Work task:
The answer must consist of every line below containing "Purple".

-*-*-

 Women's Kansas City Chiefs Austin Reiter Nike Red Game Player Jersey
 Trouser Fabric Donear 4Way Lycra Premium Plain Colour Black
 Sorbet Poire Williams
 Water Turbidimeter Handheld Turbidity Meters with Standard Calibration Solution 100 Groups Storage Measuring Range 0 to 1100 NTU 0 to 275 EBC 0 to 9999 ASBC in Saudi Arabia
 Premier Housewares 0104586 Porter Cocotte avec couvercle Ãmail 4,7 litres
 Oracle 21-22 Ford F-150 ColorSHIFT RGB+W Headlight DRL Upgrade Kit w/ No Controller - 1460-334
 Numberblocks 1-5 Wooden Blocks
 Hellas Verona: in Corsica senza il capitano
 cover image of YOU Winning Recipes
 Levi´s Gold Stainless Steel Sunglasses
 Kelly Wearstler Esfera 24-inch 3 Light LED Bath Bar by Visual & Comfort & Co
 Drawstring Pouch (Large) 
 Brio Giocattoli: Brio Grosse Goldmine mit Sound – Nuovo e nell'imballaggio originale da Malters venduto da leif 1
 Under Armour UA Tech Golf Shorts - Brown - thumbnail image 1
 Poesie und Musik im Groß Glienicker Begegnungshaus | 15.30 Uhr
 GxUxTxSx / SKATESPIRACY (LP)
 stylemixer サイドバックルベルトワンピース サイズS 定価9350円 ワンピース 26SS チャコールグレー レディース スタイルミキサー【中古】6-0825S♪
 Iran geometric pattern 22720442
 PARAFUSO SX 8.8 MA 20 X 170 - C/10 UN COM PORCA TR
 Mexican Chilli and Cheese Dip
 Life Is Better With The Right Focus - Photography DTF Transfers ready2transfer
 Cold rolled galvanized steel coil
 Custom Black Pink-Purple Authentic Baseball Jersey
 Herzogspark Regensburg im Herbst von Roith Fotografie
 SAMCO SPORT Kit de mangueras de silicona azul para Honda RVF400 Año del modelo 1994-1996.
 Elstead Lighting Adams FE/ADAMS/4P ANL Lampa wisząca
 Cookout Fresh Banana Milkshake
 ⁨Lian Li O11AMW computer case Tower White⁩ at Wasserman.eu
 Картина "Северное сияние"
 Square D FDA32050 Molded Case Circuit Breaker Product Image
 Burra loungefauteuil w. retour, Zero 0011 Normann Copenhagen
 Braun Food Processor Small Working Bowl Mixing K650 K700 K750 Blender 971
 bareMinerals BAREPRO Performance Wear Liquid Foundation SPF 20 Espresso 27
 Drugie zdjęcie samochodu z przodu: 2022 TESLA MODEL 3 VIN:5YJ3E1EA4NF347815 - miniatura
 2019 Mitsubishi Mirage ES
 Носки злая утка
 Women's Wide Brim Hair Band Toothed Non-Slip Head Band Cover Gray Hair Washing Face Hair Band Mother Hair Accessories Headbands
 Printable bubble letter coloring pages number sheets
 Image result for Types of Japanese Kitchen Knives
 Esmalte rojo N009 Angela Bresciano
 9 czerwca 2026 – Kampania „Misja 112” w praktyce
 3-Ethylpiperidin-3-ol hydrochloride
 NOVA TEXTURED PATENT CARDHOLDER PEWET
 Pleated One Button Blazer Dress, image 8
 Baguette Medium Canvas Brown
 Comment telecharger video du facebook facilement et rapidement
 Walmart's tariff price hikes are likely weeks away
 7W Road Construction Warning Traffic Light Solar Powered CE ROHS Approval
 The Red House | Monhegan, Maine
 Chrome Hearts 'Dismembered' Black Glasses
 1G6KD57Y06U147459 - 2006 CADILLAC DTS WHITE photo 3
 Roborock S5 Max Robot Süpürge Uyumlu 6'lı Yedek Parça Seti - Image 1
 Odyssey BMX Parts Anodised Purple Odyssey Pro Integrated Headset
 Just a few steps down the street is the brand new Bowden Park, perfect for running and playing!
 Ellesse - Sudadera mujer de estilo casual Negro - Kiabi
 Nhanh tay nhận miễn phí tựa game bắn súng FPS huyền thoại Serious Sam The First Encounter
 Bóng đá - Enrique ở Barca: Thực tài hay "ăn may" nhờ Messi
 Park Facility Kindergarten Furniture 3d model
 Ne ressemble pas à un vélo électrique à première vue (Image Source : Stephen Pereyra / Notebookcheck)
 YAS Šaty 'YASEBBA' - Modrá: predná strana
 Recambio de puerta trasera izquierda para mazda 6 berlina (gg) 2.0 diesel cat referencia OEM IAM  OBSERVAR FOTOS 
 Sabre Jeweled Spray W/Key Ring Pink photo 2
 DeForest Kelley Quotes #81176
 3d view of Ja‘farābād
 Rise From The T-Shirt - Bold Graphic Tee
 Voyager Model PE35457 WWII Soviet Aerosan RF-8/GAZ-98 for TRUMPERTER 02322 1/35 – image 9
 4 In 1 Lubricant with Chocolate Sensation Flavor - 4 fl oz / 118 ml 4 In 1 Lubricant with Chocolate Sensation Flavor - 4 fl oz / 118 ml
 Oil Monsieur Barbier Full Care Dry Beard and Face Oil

-*-*-

Finished exercise:
 Custom Black Pink-Purple Authentic Baseball Jersey
 Odyssey BMX Parts Anodised Purple Odyssey Pro Integrated Headset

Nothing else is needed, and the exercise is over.